2 is a diagram showing an AC small signal amplifier 20 applied to the present embodiment. The appropriate amplitude of the noise voltage amplified by the AC small signal amplifying section 20 is preferably several V levels in order to reduce the bias effect. The inverting amplifier voltage amplification degree (Av) of the noise source is shown in Equation 1, and in this embodiment, for example, about 10 times, for example, R ₁ value is 1K, R ₂ value is 10K, V _CC is 5V and V _EE are applicable at -5V.

Av = V ₀ / V _i =-R ₂ / R ₁ (1)

3 is a conceptual diagram illustrating a zero crossing level over time and an output of the bit pattern identification unit 30 (comparator). The output of the comparator, which is the bit pattern identification unit 30, is again processed by the bit sampling unit (sampler) 40 implemented in software. The output of the comparator is obtained by identifying "0" or "1" at the rising edge, with the applied comparator characteristic having a differential analog input and providing a TTL logic output with active internal pullup. For example, the voltage applied at the comparator is ± 5Vdc and the propagation delay time is 8nsec. The comparator is determined based on the zero crossing level. That is, the comparator output stage has a level shift of "0" and "1" level change of the input AC small signal based on the intersection of the comparator, and the output of the comparator obtained at this time is determined as an input value of the sampling process.

 The amplified AC small signal obtained at the output terminal of the AC small signal amplifier 20 is divided into "0" and "1" signal waveforms based on the zero crossing point of the comparator, and the comparator can provide a comparison capability of 10 nsec.

4 is a conceptual diagram for describing the output of the bit sampling unit 40 applied to the present embodiment. In the sampling of the comparator output random sequence of FIG. 3, the statistical characteristics of the random bits "0" and "1" depend on the clock rate of the comparator and the sampling rate of the sampler. That is, when determining the sampling rate, if the sampler samples the comparator output bitstream at a sampling rate sufficiently lower than the clock rate of the comparator, the effect of correlation on the limited bandwidth can be neglected. In the system according to the present embodiment, the noise source has a white Gaussian distribution characteristic up to the 10 MHz band.

5 is a conceptual diagram for describing an output of the bit filtering unit 50 applied to the present embodiment. From the output of the bit sampler 40, a random number sequence (data of the dotted line part in FIG. 5) to be verified is obtained, and the sum of half the buffer size and the number of "1" bits in the buffer size. Get each of them and store them in Total_Length and Toatal_Sum variables, respectively. Then, it is determined whether the variable P value of Toatal_Sum / Total_Length corresponds to a value between the significance level (preferable range is 0.9995 to 1.0005). As a result of this determination, if the value is within the significance level, the random string of units of the buffer size is passed, and the output string is 'added' as recognized as a perfect random number (data of the dotted line in FIG. 6 is changed to a straight line). Next, a random number sequence (data of a dotted line part of FIG. 5) of the next buffer size unit to be verified is obtained from the output of the sampler and subjected to the same verification process as described above. In this result, if P does not exist within the significance level, the output string is discarded, and a verification step is performed by taking a random number sequence (data of a dotted line part of FIG. 6) in the next buffer size unit. In FIG. 5, the case where the aforementioned buffer size is 64 bits is illustrated as an example.

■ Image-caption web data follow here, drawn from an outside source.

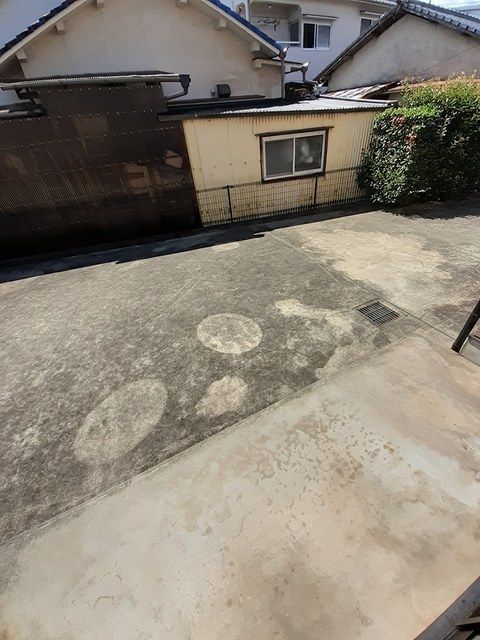 庭
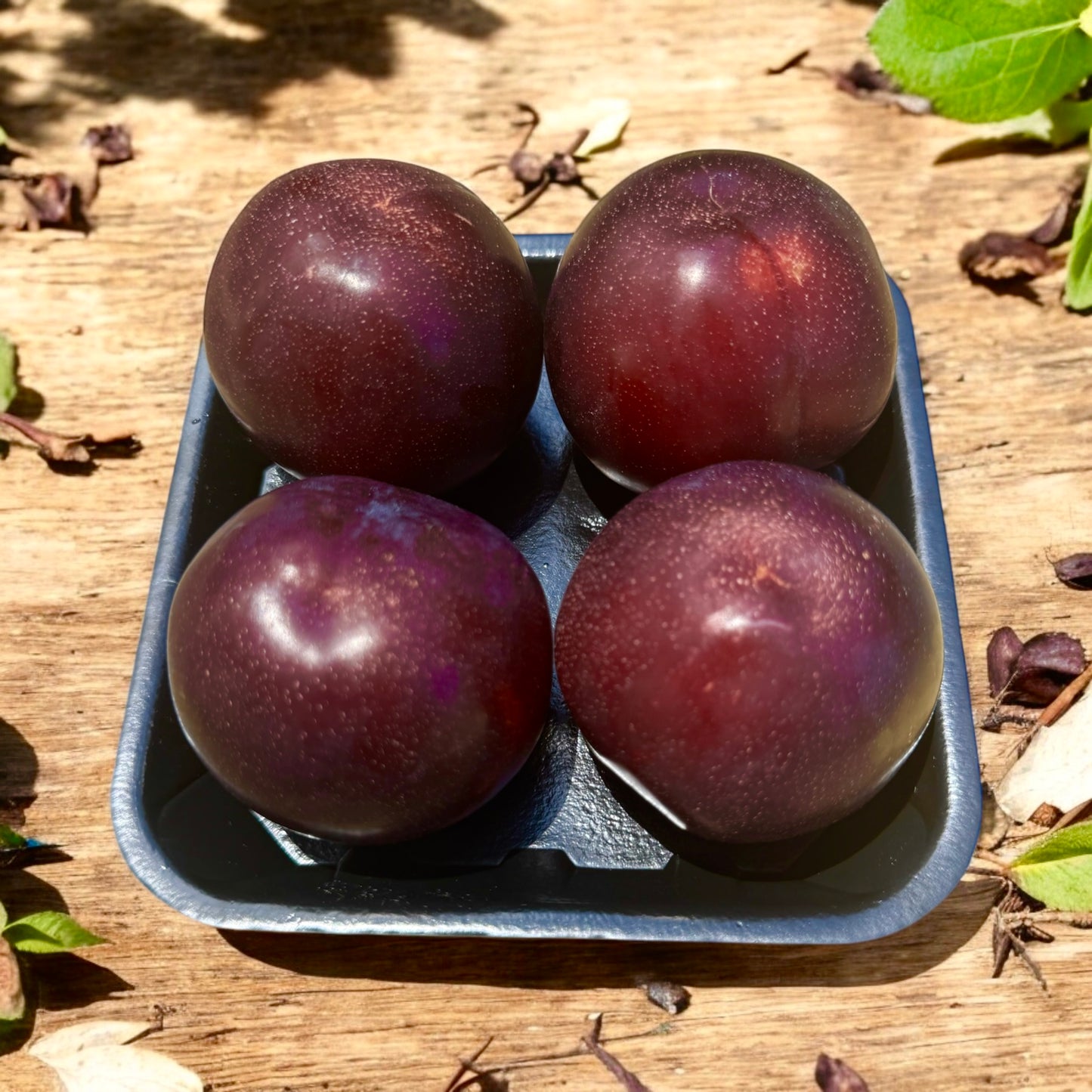 Premium New Season Plums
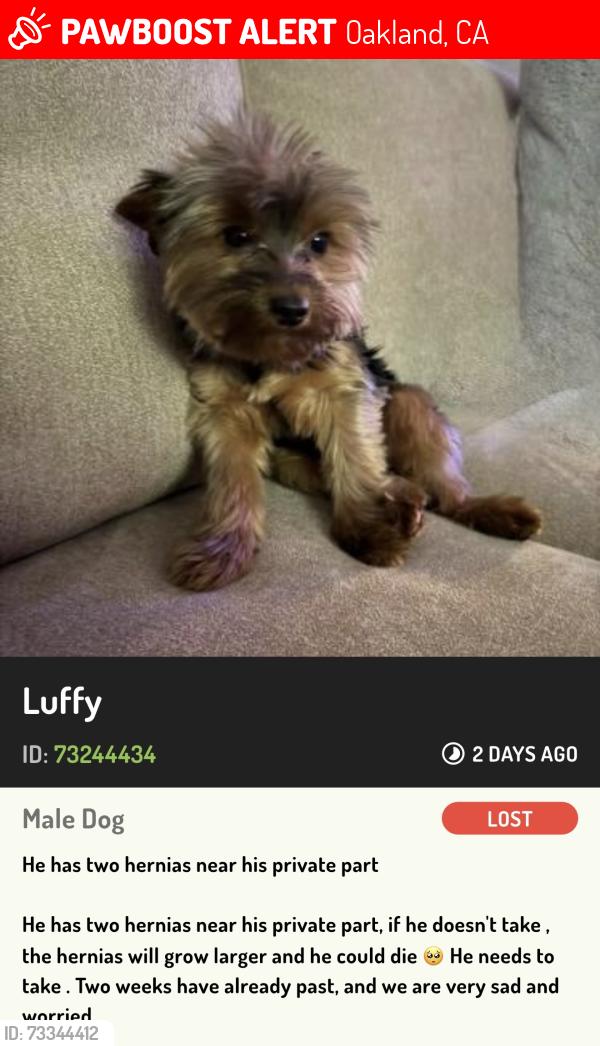 Lost Male Dog last seen Market and 21 st, Oakland, CA 94608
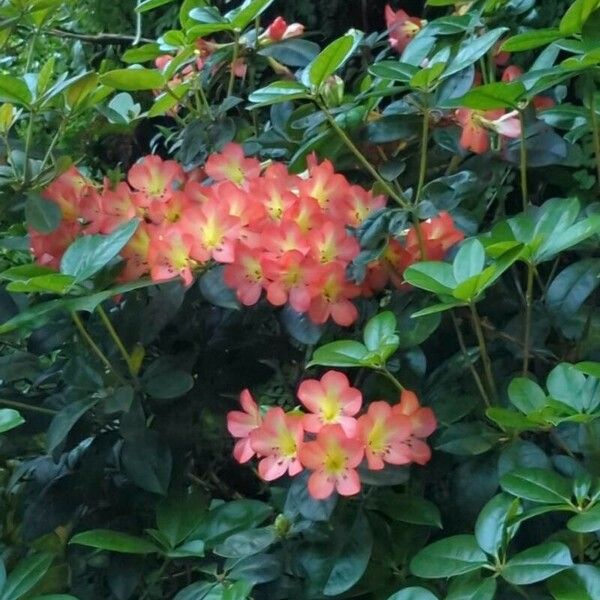 Rhododendron spp. Floro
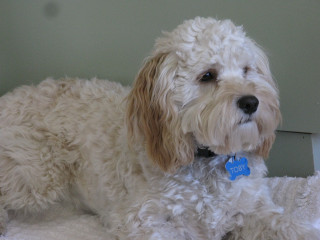 White dog blue tag bed - a stipple free wallpaper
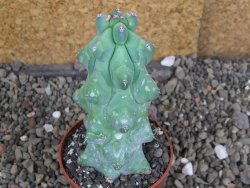 Myrtilocactus geometrizans Fukuriokuzinboku V 9 cm - 12406834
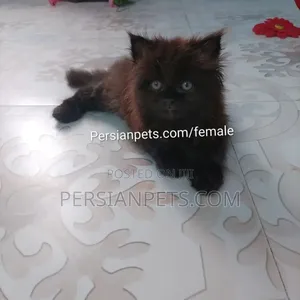 Photo - 1-3 months Female Purebred Persian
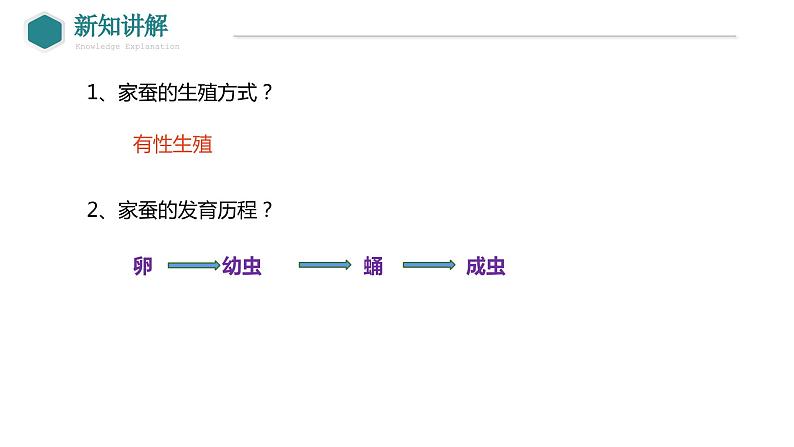 7.1.2+昆虫的生殖和发育课件2023-2024学年人教版生物八年级下册第7页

6, a flowchart of a random number generation method using electronic circuit noise according to a preferred embodiment of the present invention.

First, random number data is input to the bit filter unit 50 (S101). Get a sampler output random sequence in fixed-buffer 64-bit units. Thereafter, the sum of half of the fixed buffer size and the number of " 1 " bits used to store the random number output string passed as determined as a perfect random number is stored in the Total_Length and Toatal_Sum variables, respectively (S103). For example, assuming that the fixed buffer size used to store the random number output string is 64 bits, 32 is stored in the variable Total_Length, and the total number of "1" bits is calculated in the 64-bit buffer in the variable Toatal_Sum. Save the value.

Next, a value of (Toatal_Sum / Total_Length) is obtained and stored in the variable P (S105). Meanwhile, the significance level value, which is a criterion for determining whether to recognize as a random number, may be set from 1 value to a predetermined value to a predetermined value, and may be set in the range of 0.9995 to 1.0005.

Next, it is determined whether P is less than the significance level (S107). If the value obtained is within the range of the verification significance level, the random sequence stored in the fixed buffer is passed. If it is outside the significance level, it is not passed. That is, when P approaches 1, the probability of passage is high, which means that the ratio distribution of "1" and "0" is almost similar.

In this way, if the verification passes, the passed random number sequence is added to the memory for storing the random sequence, and if the verification does not pass, the corresponding bit string used for verification is removed (S111), and the next 64-bit random sequence is re-created. Accept and proceed with the above process.

In summary, we randomly verify a random bit sequence of a certain buffer size that is currently accepted, add randomly to the previously stored value for random strings that pass this verification, and delete and reschedule random random strings that did not pass. Validate by accepting a random number of buffer sizes. This process is repeated until you get the random sequence you want to collect.

The technical spirit of the present invention has been described above with reference to the accompanying drawings, but this is by way of example only and not by way of limitation to the present invention. In addition, it is obvious that any person skilled in the art may make various modifications and imitations without departing from the scope of the technical idea of the present invention.

According to the filtering method for determining the perfect random number in the random number generator using the electronic circuit noise source according to the present invention described above, it is possible to generate a complete random number at all times under the influence of unsafe peripheral circuit noise or the temperature state of the substrate.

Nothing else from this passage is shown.